Challenge: Scale, Automation & Self-Service IT
A global B2C company was challenged with processing an ever-increasing amount of social media data that would enable the organization to measure and analyze their customers’ ‘likes’ and ‘dislikes’. Providing this valuable insight to the organization was identified as critical data required to meet their future growth goals.
The Apache Hadoop framework was used for distributed processing of large data sets across clusters of servers. Hadoop provides the ability to dynamically scale from a single server to thousands of machines using an open source version of Google’s MapReduce for processing. The servers also required a base Linux OS, prerequisites (MySQL, yum, rpm, etc.) and Ambari, which provides a Hadoop web interface and manages the clusters from a central location.
The company was using Chef which excelled at consistent and automated installation and configuration of the OS and middleware components. However, the challenge that remained was implementing Chef across 40 servers, while also providing a user-friendly portal that would provision and manage the Hadoop clusters over time.
Solution: Cloud Management Platform
The B2C company was using CloudBolt, a hybrid cloud management platform, to provision servers in diverse environments. It was recognized that a CloudBolt blueprint (which automates multistep installations) could be created to install a 40+ node Hadoop cluster on Google Cloud with just a few clicks.

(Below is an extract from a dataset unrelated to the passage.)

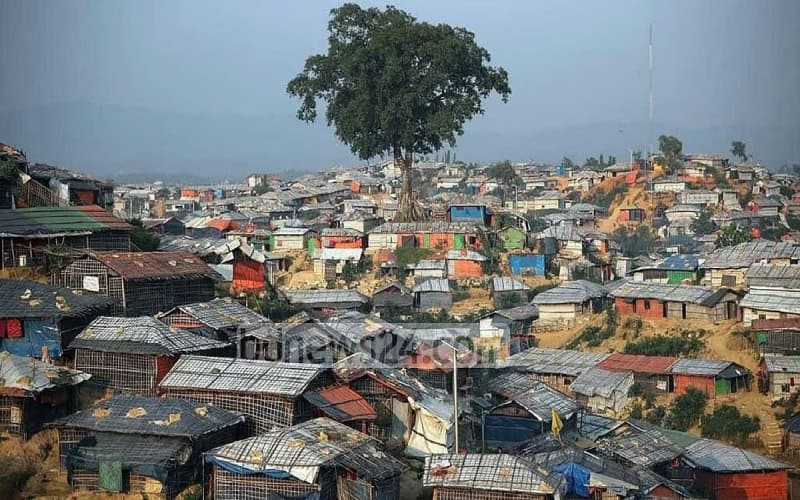 উখিয়া ক্যাম্পের রোহিঙ্গা শিবিরের দৃশ্য, ছোট ঘর ও গাছের সাথে. Channel i News - চ্যানেল আই নিউজ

The CloudBolt blueprint specified how to deploy and manage complex, multi-tier, applications. Build steps are run in parallel or sequentially. User options in the portal can be static or a multiple choice drop down can be developed to give the user a choice of only the items they need. Specific teardown procedures can also be specified, and manual or auto scaling of deployed services can also be driven by the CloudBolt blueprint. Finally, the blueprints can be imported and exported as JSON and stored in source control.
The Hadoop blueprint utilizes Chef and the Google Cloud Platform to install:
- Software requirements for the chosen Linux OS (curl, rpm, yum, etc)
- Java Development Kit
- MySQL database
- Hadoop and Ambari
Overview of how a user deploys the Hadoop cluster blueprint:
When deploying the Hadoop cluster blueprint from CloudBolt, the user inputs cluster name and selects the quantity of servers for each tier of the Hadoop cluster.

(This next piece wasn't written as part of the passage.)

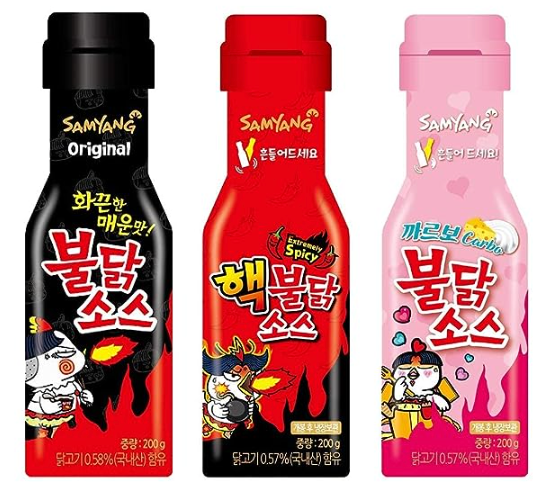 삼양식품 불닭소스가 미국에서 인기 있는 치킨 핫소스 1위에 올랐다. 사진은 삼양식품 불닭소스 3종.(사진=삼양식품)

CloudBolt goes to work building the Linux instances in Google Cloud Engine and bootstraps a Chef agent onto each machine. Chef drives the installation and configuration of JDK, MySQL, and Hadoop/Ambari.
After Chef and CloudBolt are done with all of the heavy lifting, the client was able to log into the Ambari portal.

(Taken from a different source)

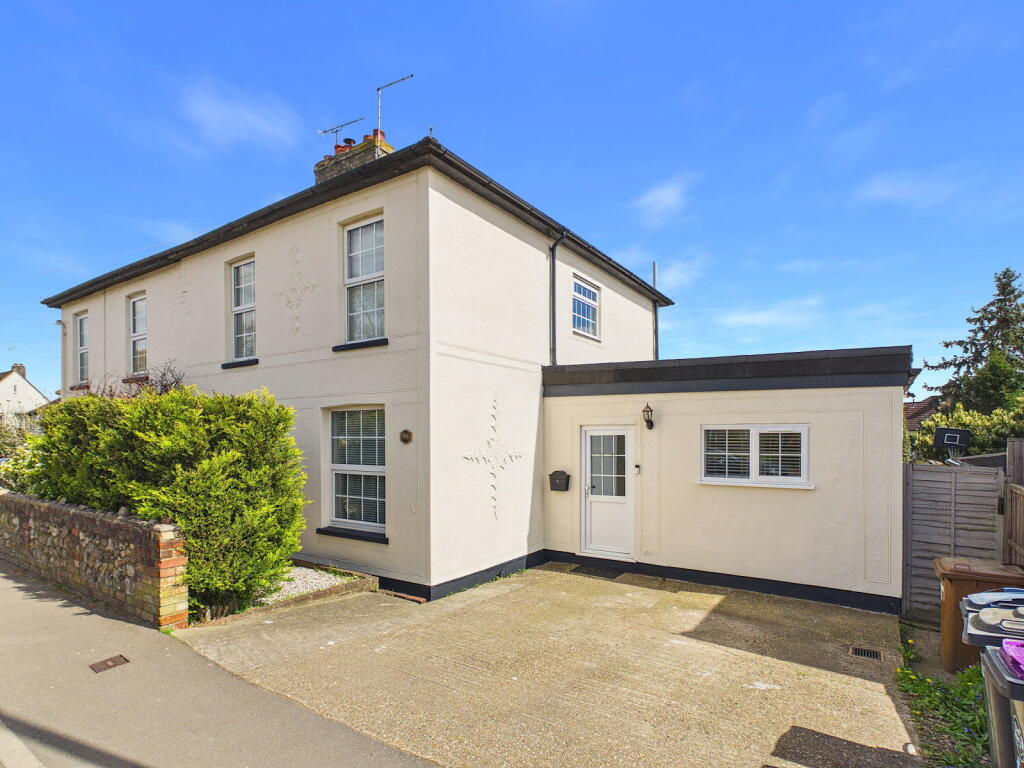 Main image of property: Cambridge Road, Sawbridgeworth, CM21 9BU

CloudBolt managed the entire lifecycle of the application. Users can now scale up, down, or they can set up autoscaling. Expiration dates can be set to automatically power down or remove a service when it is no longer needed. Additionally, CloudBolt can deregister the nodes from Chef and clean up all remaining components appropriately.
Time To Value
As this success story detailed, CloudBolt has the power to simplify almost any software deployment. Installations go from taking days to minutes. Developers were provided with the tools they needed, enabling them to begin value-generating projects faster. CloudBolt also reduced cloud spend, because users were more likely to delete unused resources they could easily recreate if and when needed. Last but not least, CloudBolt freed IT from tedious setup tasks, so they could focus on projects that would move the business forward.